There is no connection between any of the victims apart from the fact that they are all Papuans and from the same region. The killings are completely terroristic, and completely random. This is clear evidence of a deliberate campaign of extermination of West Papuan people. These are acts that fit the legally accepted definitions of of genocide. The international community must act now. How many acts of Genocide does is take to make the world see that Genocide is happening?
When you think of your struggle with VSU, in West Papua even belonging to the student union is a death sentence for you and your family. One student had his mother captured by Kopassus, severely beaten for three days, burnt with cigarettes and sexually assaulted, and the whole family is under threat. Most students have a litany of losing family members to the military and all students have close relatives tortured at the hands of John Howard’s best friend. This is happening every day – Is it any wonder people will try to get out as quickly as possible to a safe place?

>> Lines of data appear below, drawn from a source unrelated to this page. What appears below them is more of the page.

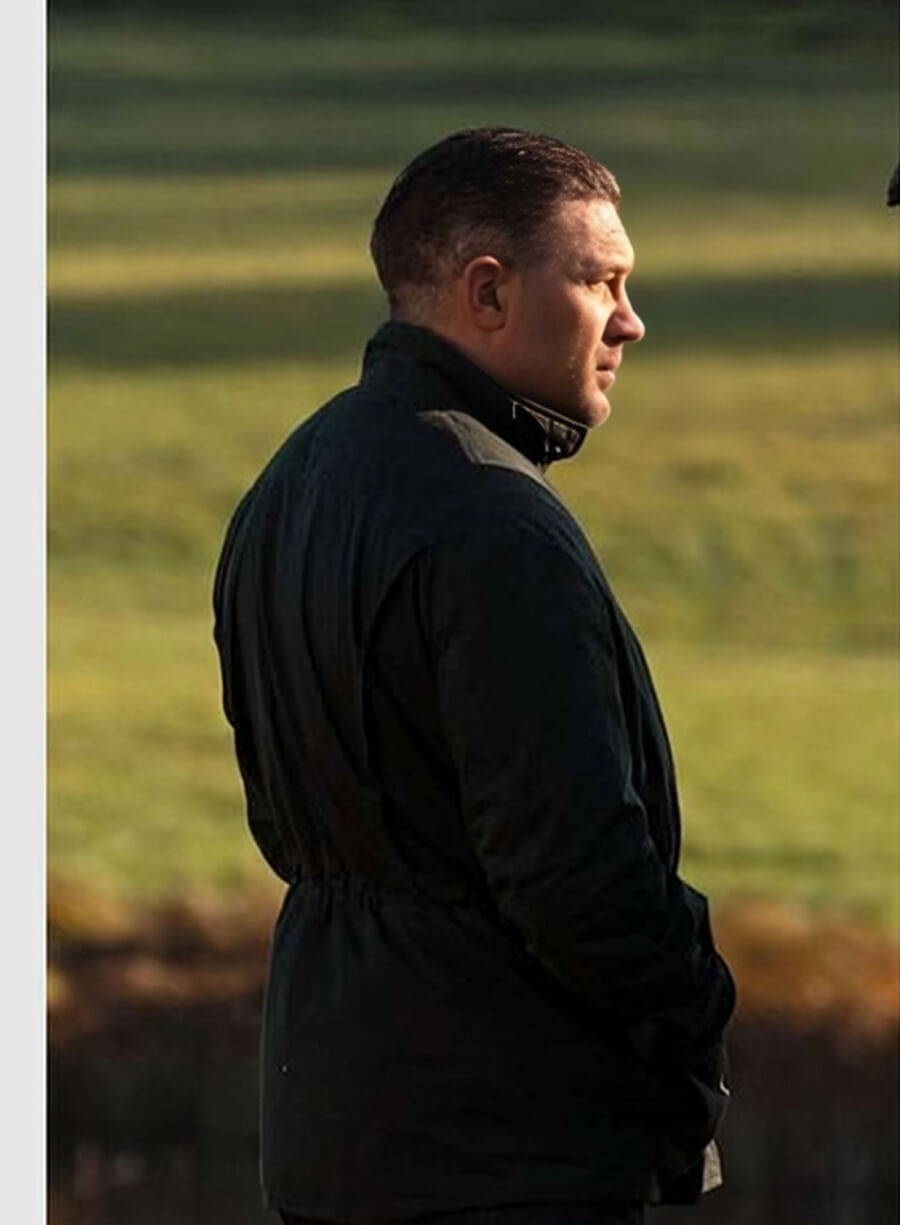 Harpoon Tom Hardy Inspired Black Fabric Leather Jacket - MobLand Tv Series Style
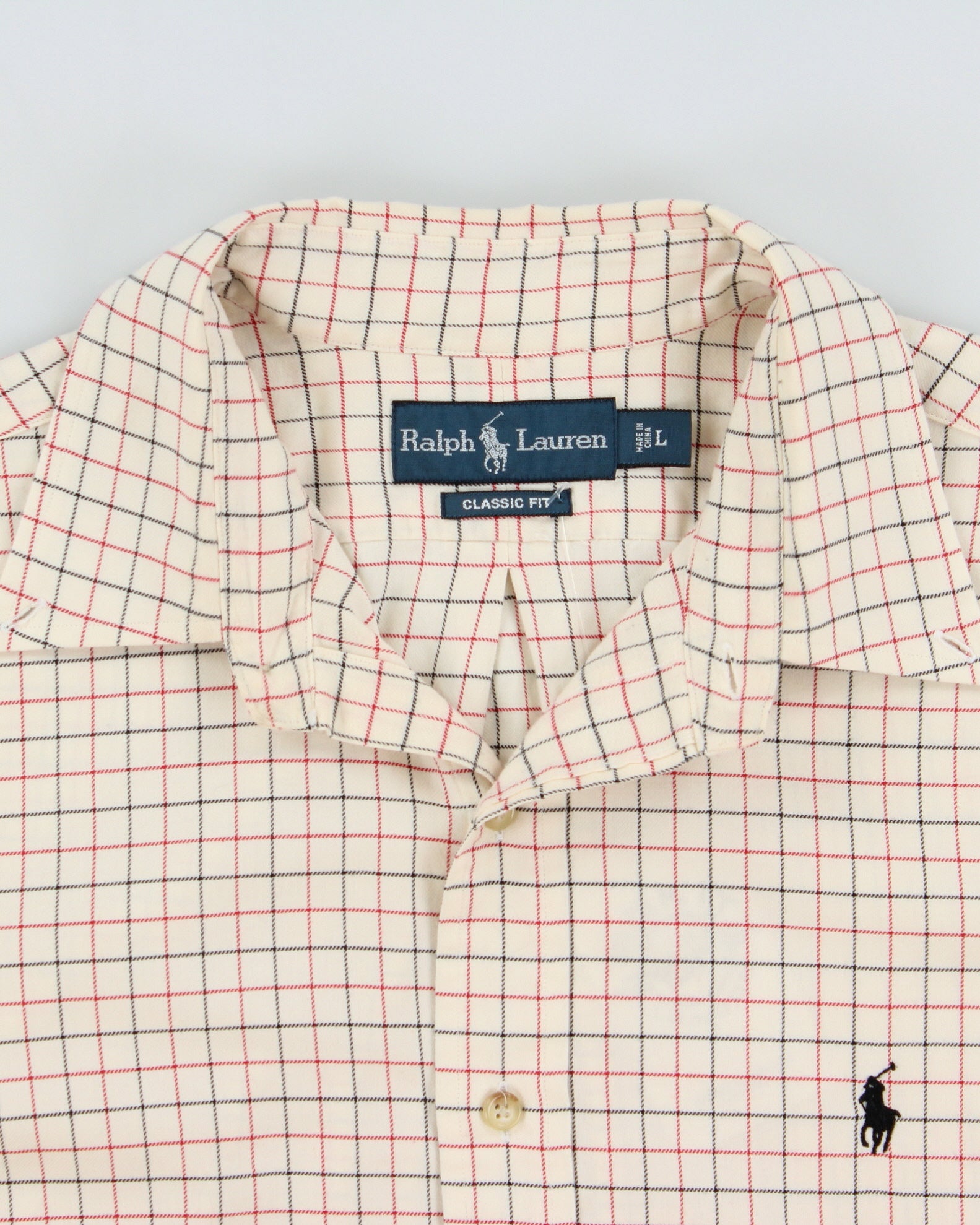 Vintage Y2K 00s Polo Ralph Lauren Windowpane Check Classic Fit Long Sleeve Shirt - L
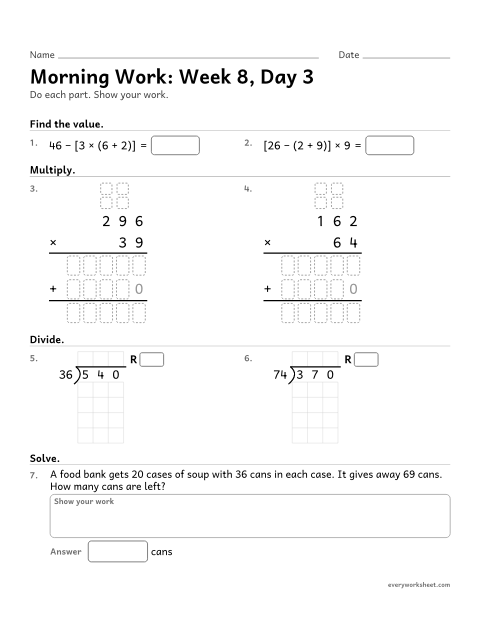 Preview of the printable “Morning Work: week 8, day 3” worksheet: mixed 5th grade math review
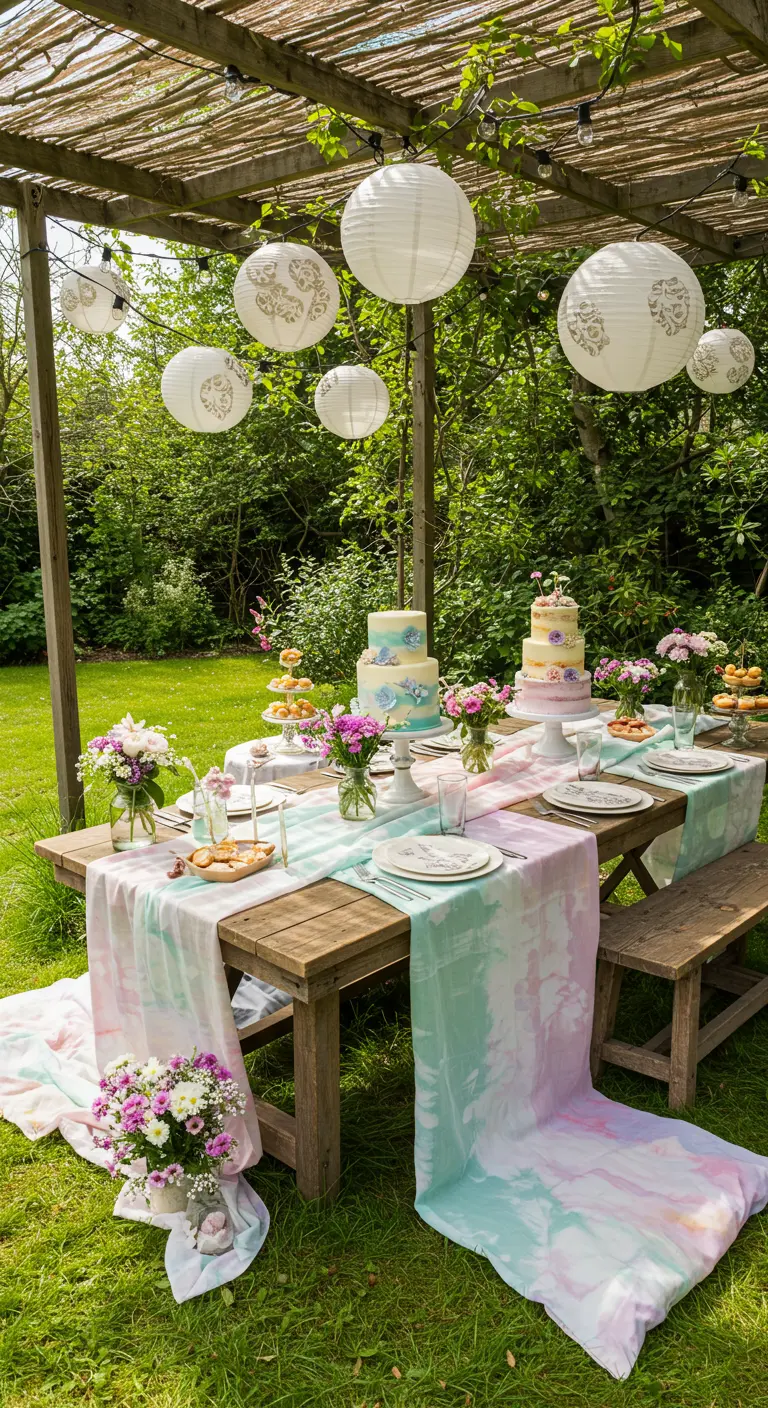 Mesa de cumpleaños en un jardín bajo una pérgola, con farolillos de papel.
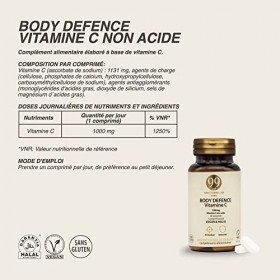 99 LAB PARIS - Body Defence Vitamine C - Complément Alimentaire Halal et Vegan - Non Acide - Sans Gluten - Flacon de 60 Compr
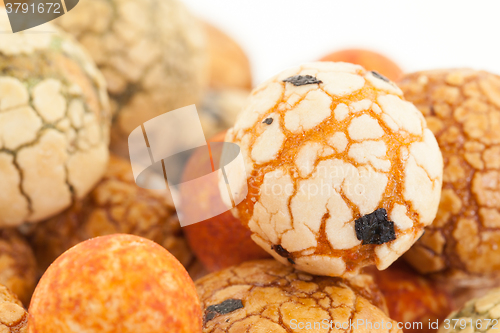 Image of Japanese sweets beans (nuts) with colored sugar coat,
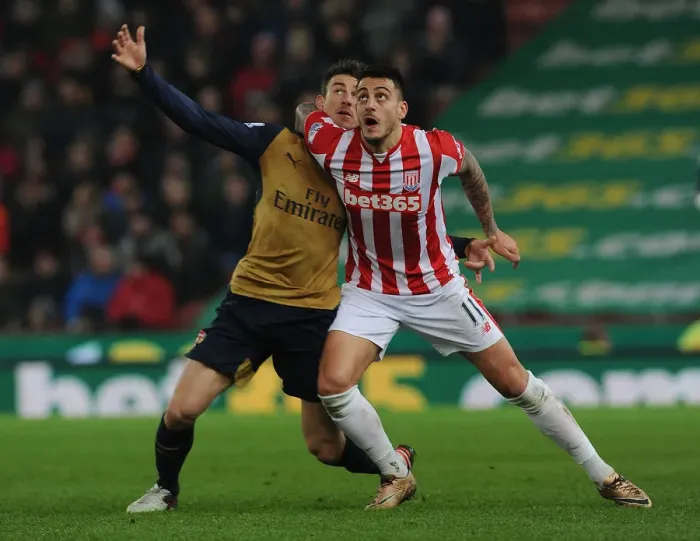 Framed Print : Clash at the Britannia: Koscielny vs. Joselu, Premier League 2015-16 Framed Print : Clash at the Britannia: Koscielny vs. Joselu, Premier League 2015-16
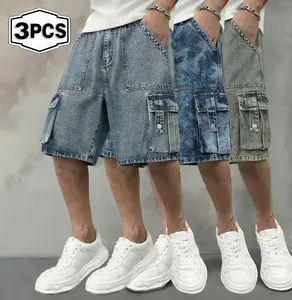New European and American men's jeans and shorts in summer leisure trend Joker cropped shorts.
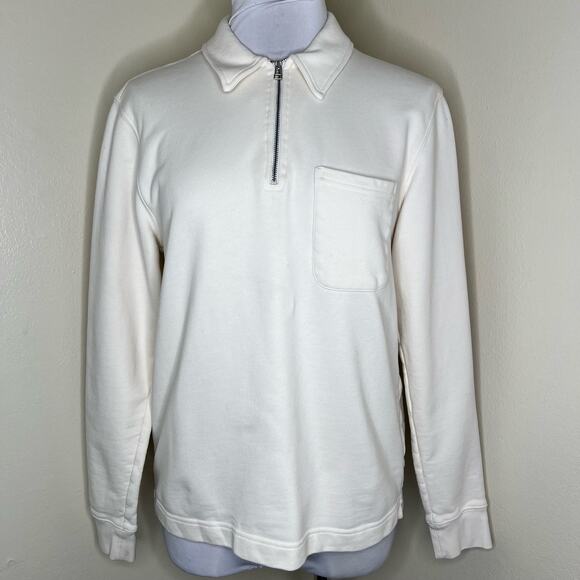 Norse Projects Jorn Quarter Zip Pullover Small Mens Cream Relaxed Casual Preppy - Picture 3 of 9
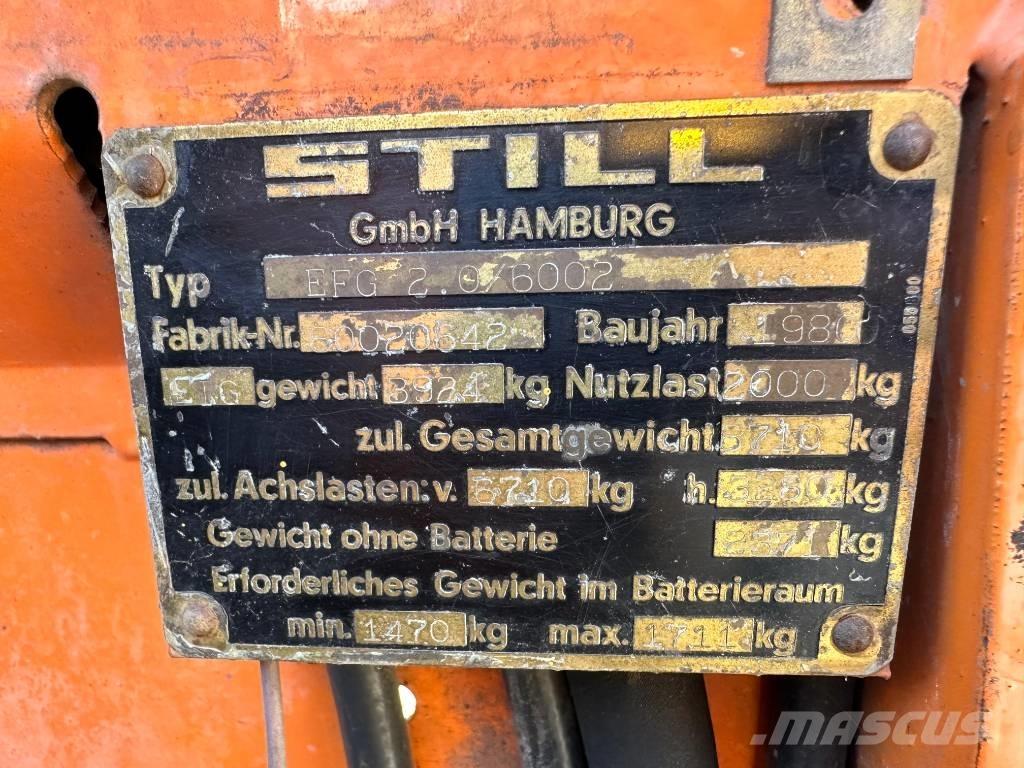 Still EFG 2/6012 Electric forklift trucks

Currently 23 students are in prison for this without trial.
We can make a difference here in Australia and it is our support that will help end this genocide. The actions of our government in appeasing Indonesia are so shameful that even Johnny’s own party are splitting like the mountains around Freeport. The change of our Immigration law is the same as the Swiss border guards turning back the Jews to the Nazis. Will you stand by and let our nearest neighbor suffer the genocide that has been going on for 43 years, or will you do something about it. We – ordinary people – did it with East Timor, and we can do it again. We need every university in Australia to have activities around West Papua and to organise in solidarity with their sibling students on our doorstep. We need people to activate to bring these students to safety, or to make the conditions safe in their homeland. We have already managed to make a very spectacular intervention at the Rio Tinto AGM in Melbourne earlier this year, and get the issue staying on the front page of the corporate media. Let us together hear the cry of freedom of West Papua, raise the Morning Star Flag and Cry Merdeka!
Nick Chesterfield is a long time human rights activist and a coordinator with the Free West Papua Campaign Pacifica based in Melbourne.